Another day, another bottle to check out. I tumble into my “cellar” (aka crawl space) and pull out a fine-dusted bottle of single vineyard Pinot Noir from 2014. If this virus gets me, at least I enjoyed one more wine that otherwise would be forgotten until some far flung day.
Today’s tipple is a navel-gazing, Genesis, origins kinda wine. It comes from the Olson Estate: a dinky 10 acre vineyard planted in 1972, back when Oregon’s Dundee Hills consisted mostly of forests speckled by a few farms and orchards.
Many regarded 2014 as a hot vintage that just snuck by with enough balance.
Torii Mor Pinot Noir Olson Estate Vineyard Dundee Hills 2014

The wine retains a bright, medium intensity ruby color with flashes of garnet.
Medium plus aromas waft of dried red cherries, rose petal, blueberries, clove, orange peel, and volcanic ash.

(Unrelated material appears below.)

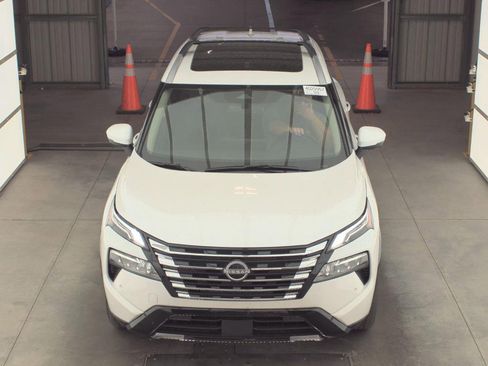 Used 2025 Nissan Rogue Platinum image 3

The palate feels dry, pings with medium plus acidity, medium tannin, medium alcohol, medium body, and fine-powdered texture.
Medium plus flavors lead with spices like clove, dill, cigar box, dried red cherry fruit leather, cranberry, fresh blueberries: all of which last for a long length ending on nutmeg powder and volcanic ash.
Torii’s 2014 Olsen Pinot is only starting to strut its stuff. The next five years will only increase interest. It is supremely supple, pleasant, and not over-extracted or demanding. Consider enjoying it alone, but do not overwhelm it with food too brash: think young cheeses, mild bries, mild white meat dishes, sautéed white mushroom fair, that sort of thing. Outstanding stuff.